### DATA SUPPLIED

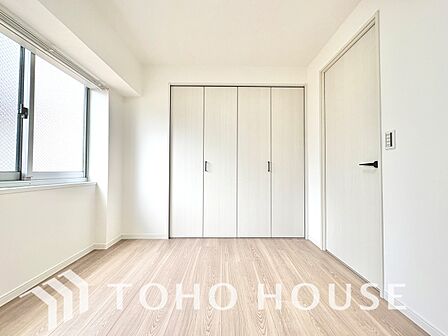 【居室】ゆったりとした広さで、ベッドを置いても余裕のある空間です。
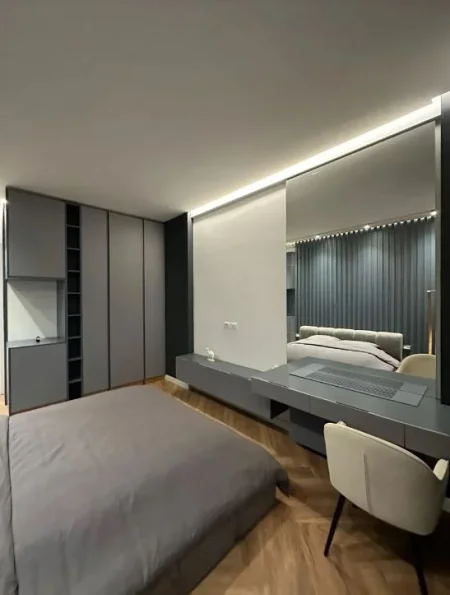 Tirane, jepet me qera apartament 2+1+Ballkon , 111 m² 1.200 € (Rruga e kavajes)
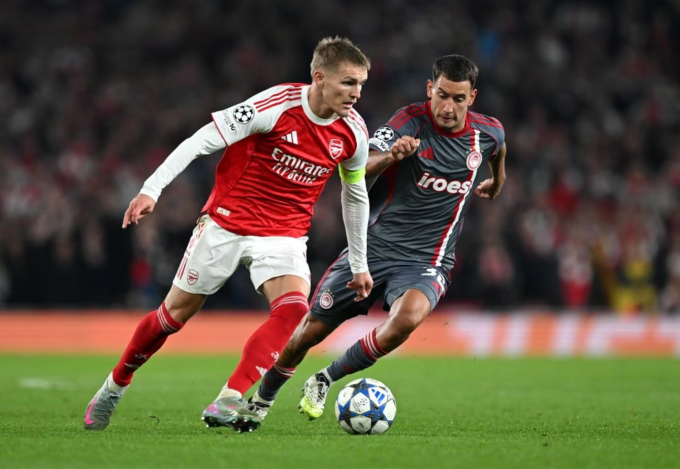 Martin Odegaard (áo đỏ) lần đầu đá cả trận sau khi bình phục chấn thương. Ảnh: Arsenal FC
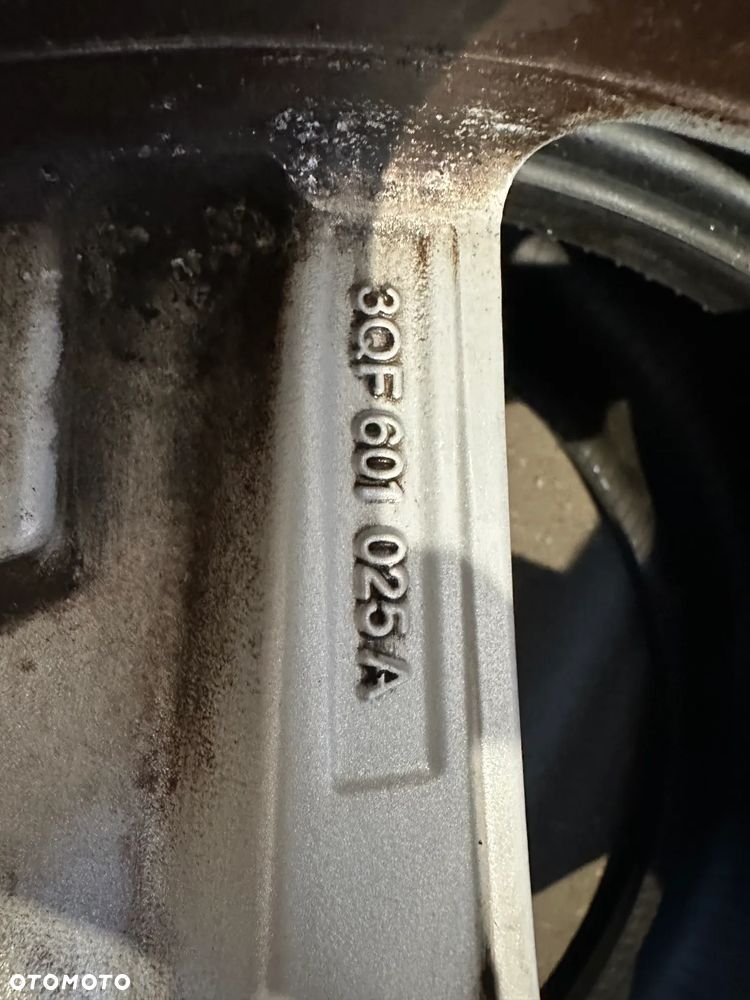 Felga 1szt Volkswagen Atlas 5x112 18 8J 3QF601025A - 3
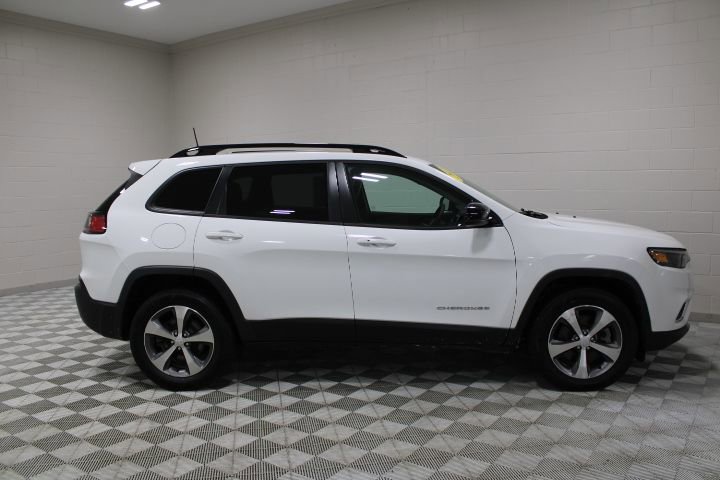 Used 2022 Jeep Cherokee Limited image 13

######

In the copy, include every line of the entries above exactly and none of the pictures.

▶ EXERCISE RESULT
 【居室】ゆったりとした広さで、ベッドを置いても余裕のある空間です。
 Tirane, jepet me qera apartament 2+1+Ballkon , 111 m² 1.200 € (Rruga e kavajes)
 Martin Odegaard (áo đỏ) lần đầu đá cả trận sau khi bình phục chấn thương. Ảnh: Arsenal FC
 Felga 1szt Volkswagen Atlas 5x112 18 8J 3QF601025A - 3
 Used 2022 Jeep Cherokee Limited image 13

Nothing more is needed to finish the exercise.